# [WHAT THE EXERCISE ASKS]
Leave out the pictures, and quote exactly the lines running from the one with "Coussin rectangle effet velour" through the last line of the entries below.

Image-text web data

● ● ● ●

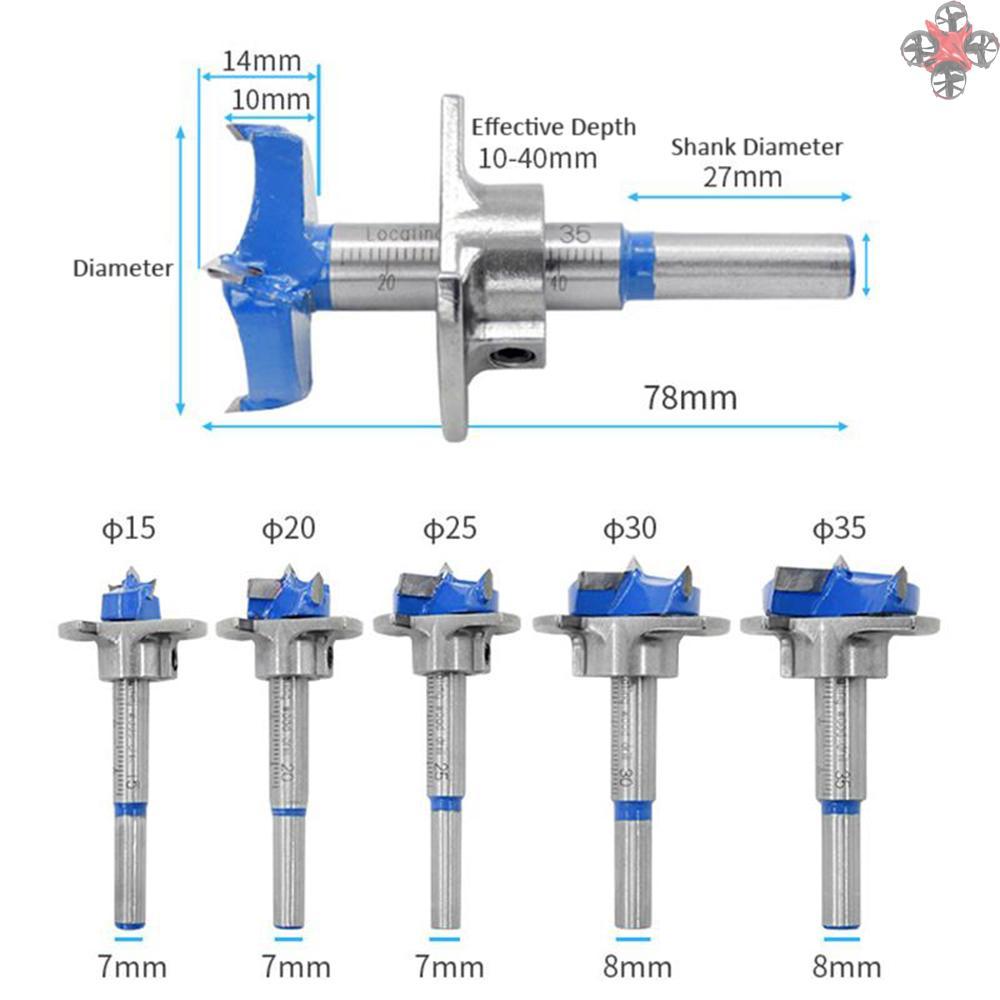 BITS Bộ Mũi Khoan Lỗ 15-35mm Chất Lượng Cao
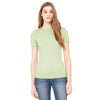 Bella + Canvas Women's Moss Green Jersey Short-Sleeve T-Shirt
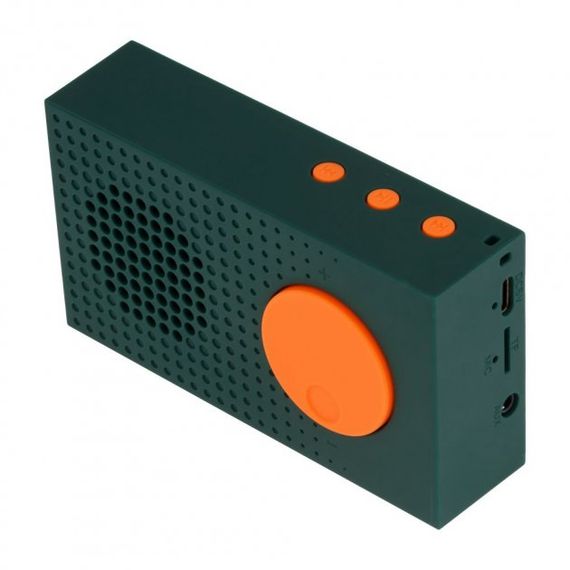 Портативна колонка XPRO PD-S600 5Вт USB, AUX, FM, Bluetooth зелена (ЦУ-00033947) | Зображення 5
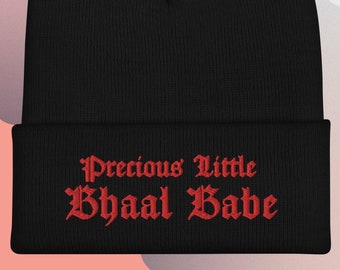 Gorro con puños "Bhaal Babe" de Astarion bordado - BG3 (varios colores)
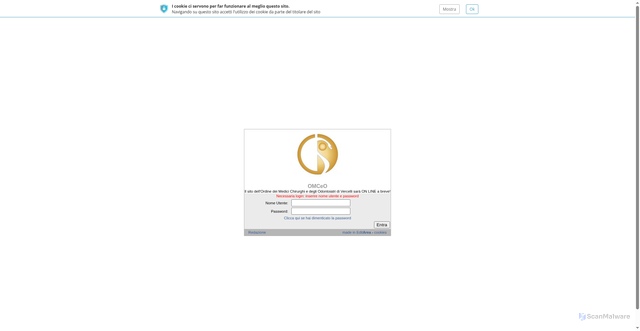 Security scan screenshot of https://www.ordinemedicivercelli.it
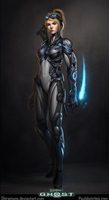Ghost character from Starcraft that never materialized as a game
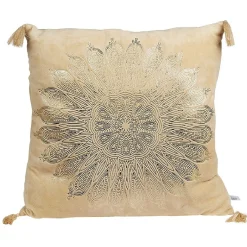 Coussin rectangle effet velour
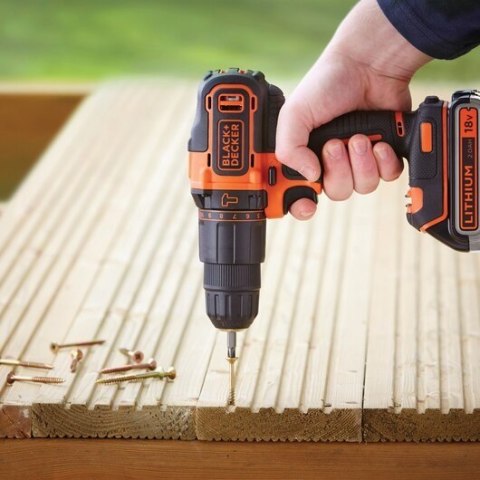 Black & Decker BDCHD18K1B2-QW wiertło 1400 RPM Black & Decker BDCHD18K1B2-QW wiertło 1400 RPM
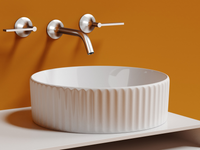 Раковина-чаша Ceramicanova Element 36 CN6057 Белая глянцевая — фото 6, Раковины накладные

● ● ● ●

# [COMPLETED TASK]
 Coussin rectangle effet velour
 Black & Decker BDCHD18K1B2-QW wiertło 1400 RPM Black & Decker BDCHD18K1B2-QW wiertło 1400 RPM
 Раковина-чаша Ceramicanova Element 36 CN6057 Белая глянцевая — фото 6, Раковины накладные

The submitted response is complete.